12)Short escrow periods, but only if you can perform. That seller is out money every day of the escrow period, and every day that passes while the property is Pending is another day that other potential buyers aren't looking at it. This daily racking up of costs has been known to cause seller panic. Knowing that there's a limit to how many days the property is going to be tied up is certainly something that can be useful in convincing a seller that this is a better offer. Warning: The deposit is always at risk, so if you cannot perform within the time period you agreed upon, you could find yourself out the deposit money.

11) Short term leasebacks: If the seller is living in the property, accepting your offer means that they have to get on the stick to find their next home. This can cause them quite a bit of anxiety, especially if they're not certain the transaction is going to close. The sellers can sign a lease and risk not needing the leased property while still having to pay a mortgage, they can enter into another purchase contract and find themselves unable to perform, they can find themselves living in a hotel because they didn't allow enough time, and with the problems in the market today, they can often be risking homelessness. If you're not in a particular hurry to move in (and you shouldn't be!), offering to lease the property back to them for up to thirty days after closing is a major anxiety reducer for the seller. Delaying your own gratification - the ability to turn that key and say "Mine, mine, all mine!" like Daffy Duck - can be a lever to get a better price or something else you want out of the seller. Short sales are a particularly good time to offer this - you're looking at an extra six weeks, possibly three months or more, before the lender gives their blessing to the transaction, then usually wants to close faster than the speed of light while the buyers are trying to get their loan done and the sellers are stressing about the tax implications and whether anyone is going to be willing to rent to them along with everything else. To add both parties suddenly having an urgent and immediate need to pack up for a move that they're not certain is going to happen and sign a new least or give thirty days notice when they're possibly going to be without a place to live doesn't make things any easier. As long as the move happens within thirty calendar days of closing, loan standards for "owner occupied" loans are still satisfied, making it a win for everyone.

10)Buyers have liquid cash - Sellers have an illiquid property. Cash money is the universal problem solver - everybody takes cash, everybody needs cash. What most buyers have isn't the full price in actual cash - but the seller gets cash proceeds from the loan as well. That seller isn't sitting upon the crown jewels of the world either - they have the most illiquid investment there is, and they are attempting to exchange it for cash - that universal problem solver. Otherwise you wouldn't see that property listed for sale. The buyer is the one with access to the universal problem solver, and if that seller wants that problem solver, they had better be cognizant that their problems are not the buyer's problems until the deal is done. If the property has problems, it is the seller's challenge to persuade the buyer that it is worth the buyer's resources to deal with those problems. Otherwise, that seller is stuck with those problems.
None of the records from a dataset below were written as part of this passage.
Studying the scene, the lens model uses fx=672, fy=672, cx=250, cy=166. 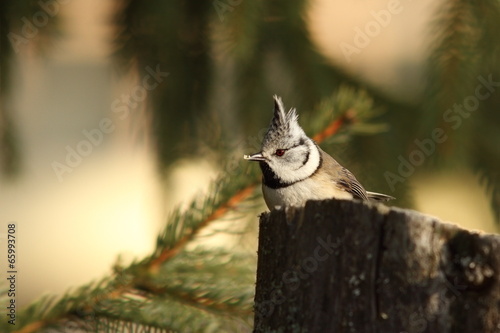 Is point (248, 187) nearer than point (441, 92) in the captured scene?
Yes

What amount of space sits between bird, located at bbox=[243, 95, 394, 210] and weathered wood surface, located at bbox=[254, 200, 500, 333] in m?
1.18

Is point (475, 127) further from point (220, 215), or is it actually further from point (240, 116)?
point (220, 215)

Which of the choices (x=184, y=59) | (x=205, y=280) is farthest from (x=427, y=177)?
(x=205, y=280)

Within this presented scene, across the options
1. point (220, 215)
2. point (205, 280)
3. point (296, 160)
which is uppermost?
point (296, 160)

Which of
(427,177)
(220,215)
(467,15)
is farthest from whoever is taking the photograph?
(427,177)

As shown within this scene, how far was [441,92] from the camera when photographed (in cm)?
279

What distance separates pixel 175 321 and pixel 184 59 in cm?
182

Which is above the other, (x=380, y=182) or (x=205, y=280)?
(x=380, y=182) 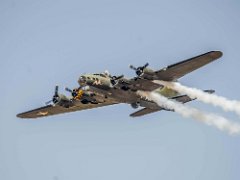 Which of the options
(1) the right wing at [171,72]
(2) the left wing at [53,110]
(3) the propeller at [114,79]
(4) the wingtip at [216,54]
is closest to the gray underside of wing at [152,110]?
(2) the left wing at [53,110]

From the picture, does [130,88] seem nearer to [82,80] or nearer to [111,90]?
[111,90]

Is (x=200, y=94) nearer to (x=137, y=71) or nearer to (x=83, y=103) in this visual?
(x=137, y=71)

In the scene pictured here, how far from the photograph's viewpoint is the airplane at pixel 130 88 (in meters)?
45.1

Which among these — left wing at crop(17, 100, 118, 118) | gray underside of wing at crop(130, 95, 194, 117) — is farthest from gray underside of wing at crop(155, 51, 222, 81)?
left wing at crop(17, 100, 118, 118)

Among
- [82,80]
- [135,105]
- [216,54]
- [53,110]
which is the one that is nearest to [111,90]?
[82,80]

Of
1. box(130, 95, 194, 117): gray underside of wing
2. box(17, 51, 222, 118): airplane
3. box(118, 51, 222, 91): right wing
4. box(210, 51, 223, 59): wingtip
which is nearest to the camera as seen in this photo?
box(210, 51, 223, 59): wingtip

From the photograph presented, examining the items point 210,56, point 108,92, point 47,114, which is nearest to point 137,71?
point 108,92

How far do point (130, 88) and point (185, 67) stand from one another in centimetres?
A: 591

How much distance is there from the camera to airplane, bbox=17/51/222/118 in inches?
1777

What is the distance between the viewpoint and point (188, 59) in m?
43.9

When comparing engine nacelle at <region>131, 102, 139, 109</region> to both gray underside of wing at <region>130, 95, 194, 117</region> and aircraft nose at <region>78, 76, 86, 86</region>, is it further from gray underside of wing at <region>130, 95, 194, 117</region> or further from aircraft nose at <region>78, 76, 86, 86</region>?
aircraft nose at <region>78, 76, 86, 86</region>

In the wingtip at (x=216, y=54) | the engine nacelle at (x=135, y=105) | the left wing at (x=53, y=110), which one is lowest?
the engine nacelle at (x=135, y=105)

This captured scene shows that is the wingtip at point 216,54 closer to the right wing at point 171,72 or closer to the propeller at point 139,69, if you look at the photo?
the right wing at point 171,72

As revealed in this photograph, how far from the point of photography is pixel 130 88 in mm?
47656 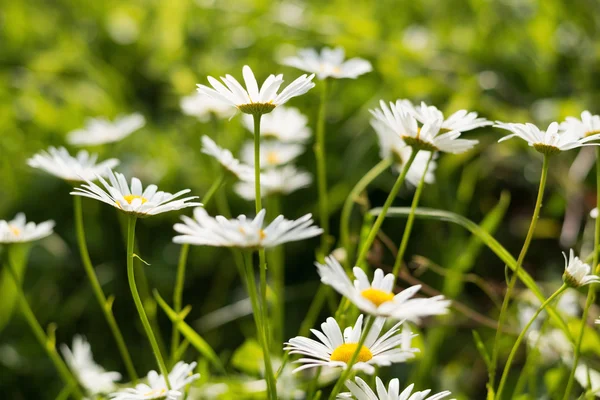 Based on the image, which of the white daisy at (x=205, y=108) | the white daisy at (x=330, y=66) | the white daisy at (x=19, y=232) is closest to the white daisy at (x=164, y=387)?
the white daisy at (x=19, y=232)

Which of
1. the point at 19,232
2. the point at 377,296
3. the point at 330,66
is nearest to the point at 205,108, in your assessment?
the point at 330,66

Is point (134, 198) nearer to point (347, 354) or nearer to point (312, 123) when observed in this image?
point (347, 354)

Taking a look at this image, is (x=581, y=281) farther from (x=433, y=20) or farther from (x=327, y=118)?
(x=433, y=20)

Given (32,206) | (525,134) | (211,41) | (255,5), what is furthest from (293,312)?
(255,5)

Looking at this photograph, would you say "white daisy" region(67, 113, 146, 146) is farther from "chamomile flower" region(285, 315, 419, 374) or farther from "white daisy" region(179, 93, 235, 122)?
"chamomile flower" region(285, 315, 419, 374)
9) Be willing to do without meaningless contingencies. The appraisal contingency is the prime example of this. By requiring an appraisal contingency, you're saying that you don't want the property unless everything is absolutely perfect - unless some appraiser can pretty much arbitrarily be persuaded to say the property is worth at least the official purchase price. That's a weak offer, and it puts a lot of sellers in the position of resistance because they "don't want to sell for less than it's worth". If more agents explained what the appraisal is and is not, this would be a much smaller problem. I am always looking for value, and always mindful of the minimum necessary appraisal amount, but I'm also pretty much always willing to give up the appraisal contingency if I even put it into the offer in the first place. If there's a loan, the loan contingency is going to cover my clients. If there wasn't a loan, why would you care if the appraisal came in? You shouldn't ever offer more money than the property is worth to you, so why should you care if the property appraises? Being unwilling to give up the appraisal contingency is the sign of a weak offer from a buyer who isn't really sold on the property.
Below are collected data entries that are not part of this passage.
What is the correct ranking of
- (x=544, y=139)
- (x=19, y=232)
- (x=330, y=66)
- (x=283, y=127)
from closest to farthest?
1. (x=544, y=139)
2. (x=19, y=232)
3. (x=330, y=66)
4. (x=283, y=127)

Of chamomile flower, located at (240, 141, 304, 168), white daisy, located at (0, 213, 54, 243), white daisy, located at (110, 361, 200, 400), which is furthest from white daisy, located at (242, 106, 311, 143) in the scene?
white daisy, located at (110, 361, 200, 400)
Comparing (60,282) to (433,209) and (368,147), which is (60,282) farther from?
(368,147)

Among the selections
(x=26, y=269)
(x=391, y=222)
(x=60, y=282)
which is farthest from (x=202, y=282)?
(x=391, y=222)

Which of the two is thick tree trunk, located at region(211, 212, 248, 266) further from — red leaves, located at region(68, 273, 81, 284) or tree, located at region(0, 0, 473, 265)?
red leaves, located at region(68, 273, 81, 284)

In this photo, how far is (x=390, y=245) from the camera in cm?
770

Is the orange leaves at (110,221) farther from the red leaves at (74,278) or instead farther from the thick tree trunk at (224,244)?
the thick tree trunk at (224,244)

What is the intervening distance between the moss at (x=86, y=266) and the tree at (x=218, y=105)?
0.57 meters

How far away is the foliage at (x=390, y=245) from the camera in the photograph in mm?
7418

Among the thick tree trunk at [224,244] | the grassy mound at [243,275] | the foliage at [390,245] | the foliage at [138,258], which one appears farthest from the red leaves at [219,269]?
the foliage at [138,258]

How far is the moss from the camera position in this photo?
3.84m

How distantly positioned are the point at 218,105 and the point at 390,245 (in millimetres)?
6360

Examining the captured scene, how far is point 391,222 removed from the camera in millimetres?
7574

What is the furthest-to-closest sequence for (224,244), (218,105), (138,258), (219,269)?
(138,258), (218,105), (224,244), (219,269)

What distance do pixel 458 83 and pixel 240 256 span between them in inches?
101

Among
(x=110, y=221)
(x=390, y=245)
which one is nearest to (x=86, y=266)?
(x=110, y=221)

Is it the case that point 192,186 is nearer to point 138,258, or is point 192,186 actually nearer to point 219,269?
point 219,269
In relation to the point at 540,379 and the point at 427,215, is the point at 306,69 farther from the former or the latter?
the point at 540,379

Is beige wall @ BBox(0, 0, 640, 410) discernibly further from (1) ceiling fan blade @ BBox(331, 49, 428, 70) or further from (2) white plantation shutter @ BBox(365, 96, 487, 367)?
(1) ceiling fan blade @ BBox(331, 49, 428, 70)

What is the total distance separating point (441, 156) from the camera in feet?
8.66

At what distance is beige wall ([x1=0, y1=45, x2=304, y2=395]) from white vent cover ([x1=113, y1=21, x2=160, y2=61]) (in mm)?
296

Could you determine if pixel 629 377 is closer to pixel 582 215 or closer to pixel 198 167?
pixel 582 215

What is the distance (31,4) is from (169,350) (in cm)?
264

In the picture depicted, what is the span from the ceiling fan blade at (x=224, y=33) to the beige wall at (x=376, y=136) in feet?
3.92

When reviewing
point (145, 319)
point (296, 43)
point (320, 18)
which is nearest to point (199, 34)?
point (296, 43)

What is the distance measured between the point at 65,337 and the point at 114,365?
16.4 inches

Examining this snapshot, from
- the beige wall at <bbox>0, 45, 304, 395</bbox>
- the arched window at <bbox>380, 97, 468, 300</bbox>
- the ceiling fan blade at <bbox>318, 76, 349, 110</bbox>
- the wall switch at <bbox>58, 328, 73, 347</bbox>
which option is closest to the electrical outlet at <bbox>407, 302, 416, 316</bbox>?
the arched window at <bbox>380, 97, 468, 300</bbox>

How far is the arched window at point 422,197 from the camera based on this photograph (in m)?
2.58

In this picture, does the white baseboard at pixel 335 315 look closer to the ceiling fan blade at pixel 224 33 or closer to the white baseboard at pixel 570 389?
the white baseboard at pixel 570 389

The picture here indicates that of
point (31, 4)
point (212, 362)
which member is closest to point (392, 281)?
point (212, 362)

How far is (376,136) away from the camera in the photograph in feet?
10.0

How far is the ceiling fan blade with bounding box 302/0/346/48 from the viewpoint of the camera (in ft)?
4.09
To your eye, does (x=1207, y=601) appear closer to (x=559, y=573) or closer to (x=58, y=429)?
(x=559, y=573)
8) Zig when everyone else is zagging. The time to buy a property is when nobody else is willing or able. If potential buyers are waiting for the market to bottom, if they're scared they'll lose money on paper, scared they'll lose their job, or just don't want to move right now because it's Christmas, that's the time to be out buying. On the flip side, as this whole housing bubble and Era of Make Believe Loans should have made clear to everyone, when everyone is convinced that prices are going to keep going up 25% per year and therefore real estate is selling like hotcakes is probably the time to sell yours and go rent until the bubble pops. Don't confuse mass psychology with the fundamentals of the market. This applies in reverse as well.

7) Know what cannot be improved or fixed. Location is the first item on that list. If the property is already the best in the neighborhood, it's not a bargain. If everything around it is selling for half the price, it's not a bargain, it's a misplaced improvement. The area is what it is, and while sometimes they do improve, it's not under any individual's control unless you're a corrupt public official capable of zoning that airport out of existence. There are other items here - environment, view, desirability, etcetera - but what I wrote about location finds a good analog in each of them.
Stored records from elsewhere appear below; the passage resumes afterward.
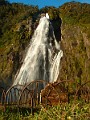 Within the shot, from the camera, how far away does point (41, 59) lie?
98.3 feet

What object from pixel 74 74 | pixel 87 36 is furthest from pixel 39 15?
pixel 74 74

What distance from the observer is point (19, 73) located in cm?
2947

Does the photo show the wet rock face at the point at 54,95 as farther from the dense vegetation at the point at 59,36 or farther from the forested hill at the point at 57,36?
the forested hill at the point at 57,36

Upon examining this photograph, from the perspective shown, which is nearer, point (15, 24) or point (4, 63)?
point (4, 63)

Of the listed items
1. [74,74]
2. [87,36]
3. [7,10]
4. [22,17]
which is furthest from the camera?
[7,10]

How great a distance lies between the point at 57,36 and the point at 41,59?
3.13 m

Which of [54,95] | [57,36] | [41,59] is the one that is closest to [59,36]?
[57,36]

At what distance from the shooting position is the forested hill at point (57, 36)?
2886 centimetres

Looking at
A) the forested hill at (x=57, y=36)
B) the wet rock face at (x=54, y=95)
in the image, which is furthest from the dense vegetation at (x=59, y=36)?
the wet rock face at (x=54, y=95)

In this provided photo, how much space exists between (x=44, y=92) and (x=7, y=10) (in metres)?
22.8

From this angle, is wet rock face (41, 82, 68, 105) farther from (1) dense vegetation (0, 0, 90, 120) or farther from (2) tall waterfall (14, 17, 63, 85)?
(2) tall waterfall (14, 17, 63, 85)

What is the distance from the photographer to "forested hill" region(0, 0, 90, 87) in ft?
94.7

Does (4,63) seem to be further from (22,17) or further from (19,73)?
(22,17)

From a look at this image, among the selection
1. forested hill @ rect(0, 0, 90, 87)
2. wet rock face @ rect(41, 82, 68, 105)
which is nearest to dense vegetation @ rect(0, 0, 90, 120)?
forested hill @ rect(0, 0, 90, 87) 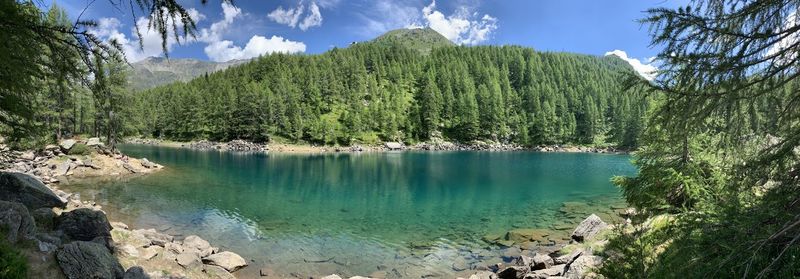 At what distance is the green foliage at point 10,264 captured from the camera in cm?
771

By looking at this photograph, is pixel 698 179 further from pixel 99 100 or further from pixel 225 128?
pixel 225 128

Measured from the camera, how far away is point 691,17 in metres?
5.85

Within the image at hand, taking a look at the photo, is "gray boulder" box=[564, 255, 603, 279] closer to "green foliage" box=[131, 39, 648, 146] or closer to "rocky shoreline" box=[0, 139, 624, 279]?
"rocky shoreline" box=[0, 139, 624, 279]

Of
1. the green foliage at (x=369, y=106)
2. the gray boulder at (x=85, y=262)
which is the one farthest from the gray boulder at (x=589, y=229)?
the green foliage at (x=369, y=106)

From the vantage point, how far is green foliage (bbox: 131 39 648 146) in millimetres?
122812

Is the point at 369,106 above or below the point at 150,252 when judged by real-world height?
above

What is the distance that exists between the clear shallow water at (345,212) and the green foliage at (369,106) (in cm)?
7308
6) Look for properties you can improve: If they're the cheapest property in the neighborhood, that is an opportunity for profit. The beautiful turn-key property where everything is already perfect is not an improvable property - at least not at a price that's worth it, not only because everything easy has already been done, but because those properties are in high demand. When everybody wants it exactly as it is, that's not a bargain property. If you look at it and fall in love with the beautifully done kitchen and bathrooms, that's not a bargain property because most buyers are willing to pay a premium for those sorts of things. Which leads us into-

5) Look for solid, not beautiful. Even if it hasn't been updated in fifty years, a good floor plan is a good starting point. Most people will not look past an outdated surface to what is underneath - solid foundation, good floor plan, good location, lot with plenty of usable space. Yes, you're going to have to do some work to make it shine, but you're looking for a bargain property, not the one that's already been over-improved by a devotee of one of those house-flipping shows. The people that have done that work expect a premium for all that effort. If you want already beautiful, you can expect to be the one paying that premium. If you're willing to take something solid and make it beautiful, you're going to be the one getting that premium.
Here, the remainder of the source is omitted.